Before I go on, I'd like to point out that records are more expensive, come with less booklet-art and lyrics (especially the older ones), are usually used, and that one record takes up twelve inches as opposed to my iPod's 3 and a half. I'd like to point out that they are by-gone and kind of silly to have.

But the reason that I have them is because, in this age of convenience and music-at-your-fingertips, having a record is absurdly space-consuming. But that's the whole point to me: saying to the artist, "I could have you crammed into the list on my iPod and enjoy you that way, but, instead, I've also placed you on a shelf in my room where I could have put other stuff." It's the idea that I like these bands enough to let them take up an insane amount of room in these days of over-consumption. Twelve-inch singles are like saying, "I like this song enough to have it take up a whole foot of space in my room." I like Ok Computer enough to drop 30 dollars on it even though the CD is less. The CD is smaller, the CD is easier. There's not four sides to it. Just the one. And so the records are my way of saying, "I appreciate you," and showing it.

--

What more can I say? I am sitting here without a shirt out, sensing (but not quite scenting) my b.o. that everyone has but no one likes to admit. Funny how we as people are inherently stinky, yet we attempt to cover it up with deoderants and antiperspirants and lies and showers. We are stinky people in both physiology and ideology. Everyone has lies and judgments yet we don't try and cover up their stench. We let it fly and whew! I'm pretty sure that's the methane that's being released to cause global warming. Maybe if we were less full of shit, then this world wouldn't be as hot.

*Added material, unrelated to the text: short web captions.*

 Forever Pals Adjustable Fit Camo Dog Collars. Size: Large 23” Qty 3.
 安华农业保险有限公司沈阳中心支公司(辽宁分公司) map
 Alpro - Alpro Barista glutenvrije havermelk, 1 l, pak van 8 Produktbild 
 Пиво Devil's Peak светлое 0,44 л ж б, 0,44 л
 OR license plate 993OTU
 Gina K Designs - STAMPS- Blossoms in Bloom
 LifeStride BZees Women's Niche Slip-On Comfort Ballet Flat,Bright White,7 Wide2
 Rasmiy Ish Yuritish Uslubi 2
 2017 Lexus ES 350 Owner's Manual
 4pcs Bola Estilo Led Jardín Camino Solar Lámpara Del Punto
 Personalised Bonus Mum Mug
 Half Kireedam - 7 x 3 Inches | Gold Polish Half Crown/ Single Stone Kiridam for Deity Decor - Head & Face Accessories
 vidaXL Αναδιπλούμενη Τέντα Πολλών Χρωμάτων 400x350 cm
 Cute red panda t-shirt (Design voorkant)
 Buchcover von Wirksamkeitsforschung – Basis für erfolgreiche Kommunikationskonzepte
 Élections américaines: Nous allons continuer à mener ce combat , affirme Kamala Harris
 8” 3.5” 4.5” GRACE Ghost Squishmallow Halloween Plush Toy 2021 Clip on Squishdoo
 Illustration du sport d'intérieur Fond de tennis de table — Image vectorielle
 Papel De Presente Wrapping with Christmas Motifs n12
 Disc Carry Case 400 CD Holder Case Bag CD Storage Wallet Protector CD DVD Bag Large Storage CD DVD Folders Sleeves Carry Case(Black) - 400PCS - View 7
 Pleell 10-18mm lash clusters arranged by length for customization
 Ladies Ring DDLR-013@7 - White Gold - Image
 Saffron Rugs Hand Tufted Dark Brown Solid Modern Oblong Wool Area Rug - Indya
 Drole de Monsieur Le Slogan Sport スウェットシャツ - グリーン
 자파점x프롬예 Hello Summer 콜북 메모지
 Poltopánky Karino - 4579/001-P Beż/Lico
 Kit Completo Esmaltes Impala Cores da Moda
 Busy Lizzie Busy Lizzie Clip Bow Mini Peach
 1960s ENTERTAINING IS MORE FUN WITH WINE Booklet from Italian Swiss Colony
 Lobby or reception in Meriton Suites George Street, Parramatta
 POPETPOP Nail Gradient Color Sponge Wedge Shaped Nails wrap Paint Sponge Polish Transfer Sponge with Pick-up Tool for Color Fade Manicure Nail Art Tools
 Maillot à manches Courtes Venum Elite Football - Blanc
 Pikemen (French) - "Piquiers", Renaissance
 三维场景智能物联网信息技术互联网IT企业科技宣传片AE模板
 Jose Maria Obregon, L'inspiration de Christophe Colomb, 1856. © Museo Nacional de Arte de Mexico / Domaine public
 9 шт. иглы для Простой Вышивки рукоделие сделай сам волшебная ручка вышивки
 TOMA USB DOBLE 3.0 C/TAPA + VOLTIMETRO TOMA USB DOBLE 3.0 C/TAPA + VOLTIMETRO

I realized that I truly love very few things: baseball, women, music, God. The idea of love and women fascinates me. I know a beautiful girl who would cause my year to end and the world to stop if she admitted to being in love with me (but she never will be for her own reasons, so the year trudges on like a Casanovan solitude). I know that I watch too much baseball when I can point out rooftops of the bleachers in commercials. Music at full volume in a car makes me feel invincible. Lightning Bolt turned up to 11 driving down the freeway is intoxicating, driving, confusing, cacophonous. It will get you killed. Icky Thump, too, will kill you. Meg White pounding the knife in as your car slams into a tree, pinning the wife of a priest to a tree who begins to ramble on about how Merrill should swing away.

God is. What more can I say?

Am I happy? No, but I'm okay with everything.